# MORPC Insights - Employment by Industry

## Overview

The Bureau of Labor Statistics administers a program called the [Quarterly Census of Employment and Wages](https://www.bls.gov/cew/).
  
This notebook produces a tileset that includes a summary of employment by industry for the MORPC 15-county region and the counties.

## To do

 -  For the 2025 release, the input data was prepared by a manual, undocumented process.  The process should be documented (and ideally automated) for the next release.

## Setup

### Load required libraries

In [None]:
import pandas as pd
import frictionless
import os
import sys
import datetime
import json
import textwrap
import matplotlib
from matplotlib import pyplot as plt
sys.path.append(os.path.normpath("../morpc-common"))
import morpc

### User-specified parameters

In [None]:
YEAR_RANGE = [2018, 2022]

### Static parameters

In [None]:
INPUT_DIR = os.path.normpath("./input_data")

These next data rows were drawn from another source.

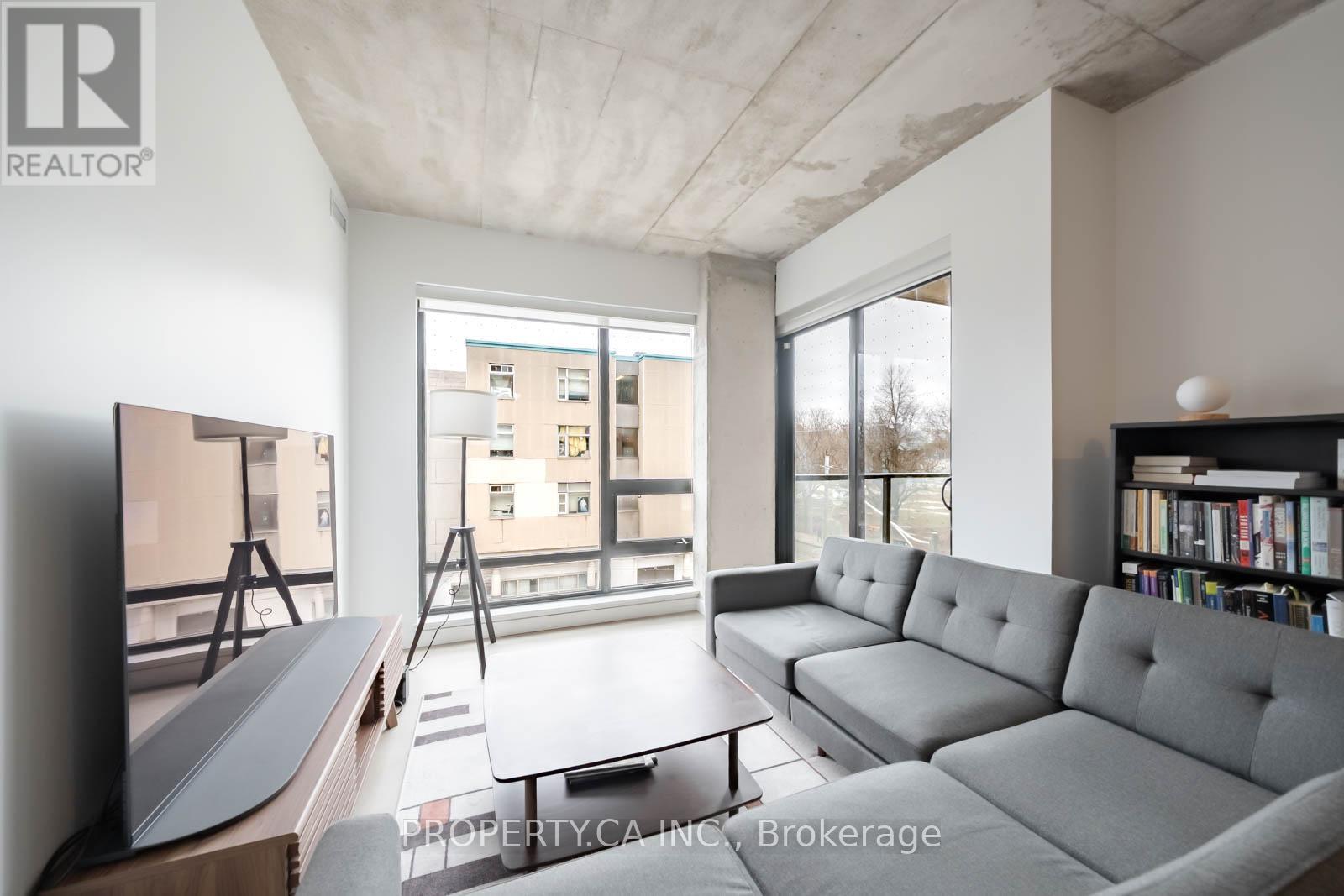 308 - 246 Logan Avenue, Toronto, Ontario  M4M 0E9 - Photo 2 - E12802698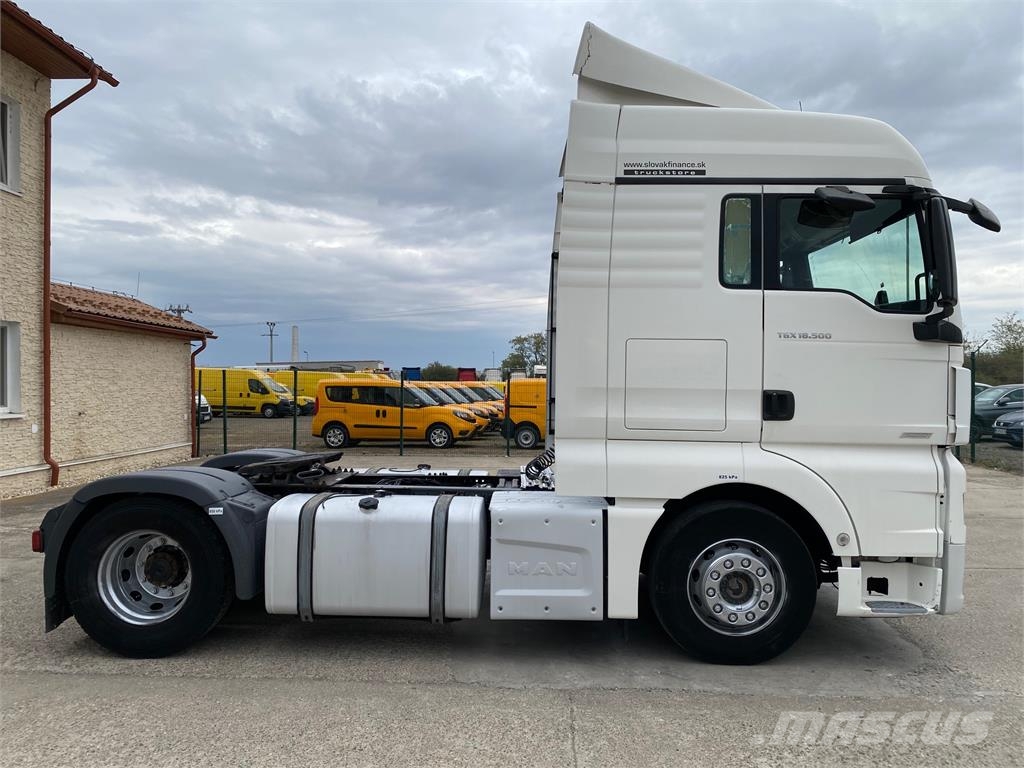MAN TGX VIN 235 Vetopöytäautot
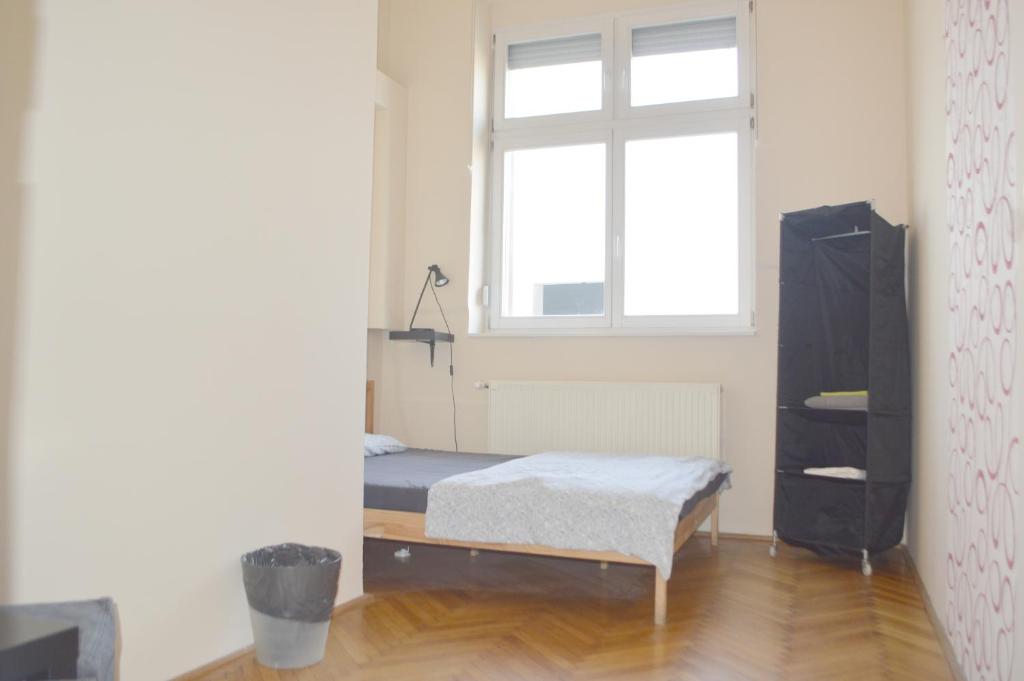 Двухместный (Двухместный номер с 2 отдельными кроватями и видом на город) гостевого дома Artist Residence, Будапешт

OUTPUT_DIR = os.path.normpath("./output_data")

CHART_DIRNAME = "charts"

### Define inputs

#### Create input data directory

Create input data directory if it doesn't exist.

In [None]:
inputDir = os.path.normpath(INPUT_DIR)
if not os.path.exists(inputDir):
    os.makedirs(inputDir)

#### Summarized employment data

In [None]:
EMP_INPUT_TABLE_FILENAME = "morpc-qcew-2018-2022-annual-MORPC15_readable.csv"
EMP_INPUT_TABLE_PATH = os.path.join(inputDir, EMP_INPUT_TABLE_FILENAME)
print("Data: {}".format(EMP_INPUT_TABLE_PATH))

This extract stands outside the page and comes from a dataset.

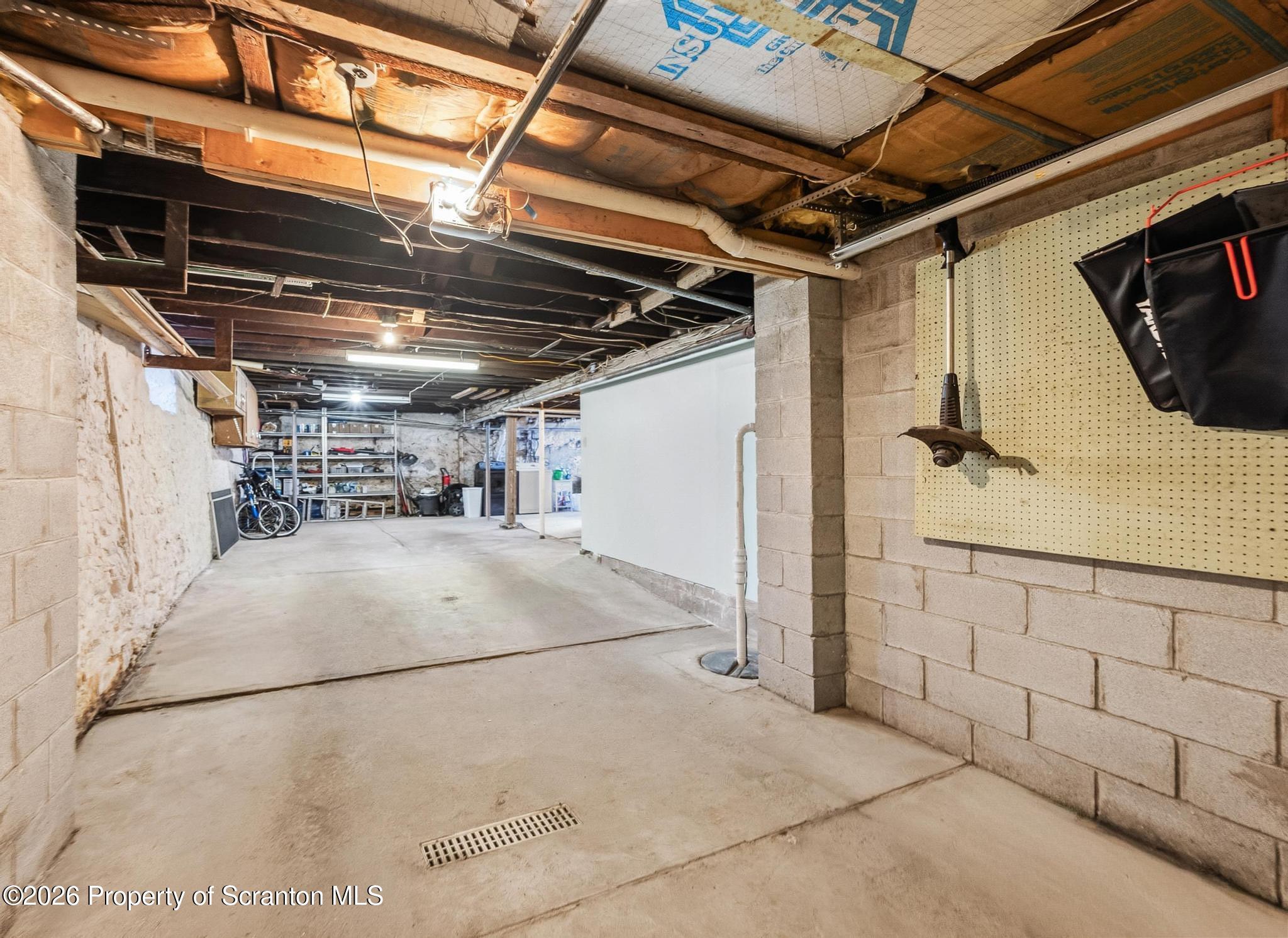 616 Myrtle Street Scranton, PA 18510 - Photo 50 of 65 a view of garage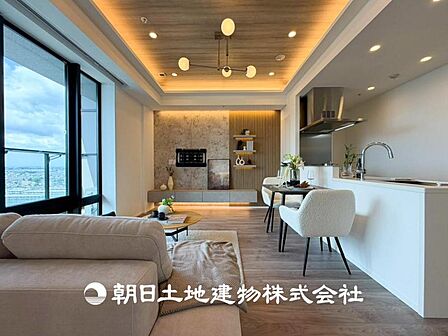 【リビング】開放的で明るい空間が広がるLDK。リビングには潤沢な太陽が降り注ぎ、爽やかな住空間を演出できます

#### Geography lookup table [375]

#### MORPC member list [122]

### Define outputs

#### Create output data directory

Create output data directory if it doesn't exist.

In [None]:
outputDir = os.path.normpath(OUTPUT_DIR)
if not os.path.exists(outputDir):
    os.makedirs(outputDir)   

In [None]:
chartDir = os.path.join(outputDir, CHART_DIRNAME)
if not os.path.exists(chartDir):
    os.makedirs(chartDir)    

## Prepare input data

### Load summarized employment data

In [None]:
employmentRaw = pd.read_csv(EMP_INPUT_TABLE_PATH)
employmentRaw.head()

## Transform data

Filter data to exclude 'Total, all industries'

In [None]:
filtered_data = employmentRaw.copy()

filtered_data = filtered_data[filtered_data['industry_code'] != 10]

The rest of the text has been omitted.